Uma pulga atrás
da orelha me informa que o atual ministro da Cultura quer implantar bibliotecas
comunitárias nos conjuntos financiados pelo programa Minha Casa Minha Vida. A
desconfiança não vem apenas do fato de ser Caleiro, até o momento, interino em
um governo cuja legitimidade é questionada nacional e internacionalmente. Parece
que o ministro deseja apontar soluções simpáticas aos segmentos mais críticos
da cultura. Entretanto, sem conhecer direito o chão da sua pisada. Ele não se “enturmou” com o segmento. Em cada declaração parece querer angariar
simpatias. Compreensível, afinal, não deve ser fácil ser ministro da cultura de
um governo golpista. O segmento, historicamente, não engole fácil esse tipo de
circunstância. Caleiro pode até ser bem-intencionado, mas é um gestor cercado
de nuvens. Não poderia ser diferente. Dadas as circunstâncias da sua ascensão
como Ministro da Cultura. Ele aceitou o cargo no vácuo de honrosas recusas.
Talvez precise mostrar para si mesmo que valeu o sacrifício.
Todavia, não
desconfio do Caleiro por questões conjunturais, apenas. Mas, por razões bem
pragmáticas. Algumas experiências semelhantes, inclusive nos governos do PT, me
pareceram infrutíferas. Boas intensões isoladas e desarticuladas. Cito como
exemplo o projeto Arca das Letras, do Ministério de Desenvolvimento Agrário. Um
projeto cheio de boas intensões, mas com falhas estruturais gravíssimas. Pouca
articulação com a militância leitora e uma fundamentação centrada no marketing
e não na pedagogia. Esse erro crasso fez com que muitas Arcas, em comunidades
rurais, sirvam hoje apenas como um móvel de suporte para a televisão. Não se
trata aqui de crítica negativa. Absolutamente. Nos dois casos, vejo com bons
olhos a preocupação com o acesso ao livro e leitura. Mas, como se trata de investimento
público, penso que os dois formatos favorecem mais ao mercado do livro que a
formação de leitores.
Pesquisas realizadas
pelo Instituto Pró-Livro nos mostram números que não podem ficar fora deste debate.
Em 2007 a primeira pesquisa dizia que o Brasil era o décimo maior produtor de
livros do mundo e que o MEC era o terceiro maior comprador de livros do mundo.

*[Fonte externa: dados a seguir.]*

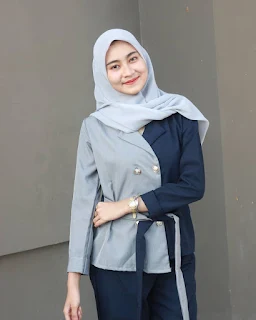 Hijabers cantik Ririn Putri Anjani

Já a pesquisa realizada em 2016 diz que trinta por cento dos brasileiros nunca
comprou um livro e 44% da população brasileira não lê. Não vou entrar na
análise da qualidade dos livros mais lidos. O quadro é desolador para a
formação crítica do povo brasileiro. Podemos até observar que, num aspecto, a
preocupação do ministro e dos ex-gestores do MDA procede. Precisamos facilitar
o acesso ao livro. Porém, isso não pode ser feito de forma tão apressada. Assim,
favorece apenas o mercado. Os investimentos públicos na área já são por demais vultuosos.
Penso inclusive, que os tribunais de contas deviam prestar atenção ao fenômeno.
Para uma política nacional de popularização da leitura o que não falta é livro.
Que tal começarmos trabalhando com os livros já adquiridos? Em muitos casos, acervos
e mais acervos espalhados na inércia. Que tal investir prioritariamente na
estruturação das bibliotecas públicas, escolares e universitárias? Inclusive
fiscalizando seus funcionamentos. Que tal investir nas experiências já
existentes e exitosas de pontos de leitura?
Entendo que
uma política para o livro e leitura não pode deixar de observar alguns fatores
determinantes. Um deles é a transnacionalização do mercado livreiro conjugado
com a marginalização da literatura nacional. Mesmo a canônica. Também a
literatura contemporânea não pode estar fora desse debate pois, potencialmente,
o autor é um dos principais agentes na formação de leitores. Principalmente num
quadro de professores não-leitores. Todavia, devemos reconhecer que o pouco de
política para o livro que tivemos desde o governo Lula estabeleceu uma
militância em defesa do livro, da literatura brasileira e da leitura. Planos
estaduais e municipais de leitura foram e estão tomando corpo. Reapareceram os
contadores e contadoras de história, não mais como cultura familiar, mas como
profissionais da mediação. A literatura brasileira contemporânea está com uma produção
estonteante, efervescente, mesmo fora do mercado formal e fora das políticas
públicas. Existe, pois, uma diversidade de fatores que precisam ser levados em
conta.
Faço essas
observações por entender que não estamos mais no tempo de gerar expectativas e
repetir os mesmos erros. Antes de anunciar o varejo como se fosse o grande
projeto, cabe ao ministro Caleiro ou qualquer outro que venha a ocupar o seu
lugar, fortalecer o Plano Nacional do Livro, Leitura e Literatura. Nesse
contexto, a aproximação com a Educação é indispensável, uma vez que nas últimas
décadas o Brasil formou professores distanciados da leitura e da literatura. Essas
políticas precisam ser articuladas com os Estados e municípios e ancoradas,
especialmente, em milhares de pequenas experiências exitosas espalhadas pelos
rincões brasileiros. Chega de pensar políticas para o livro apenas para
fortalecer um mercado que não reconhece a literatura brasileira e despreza a
formação cidadã a partir da leitura literária. Caso contrário, daqui a pouco
teremos um fundamentalista lunático propondo políticas para a leitura, sem literatura.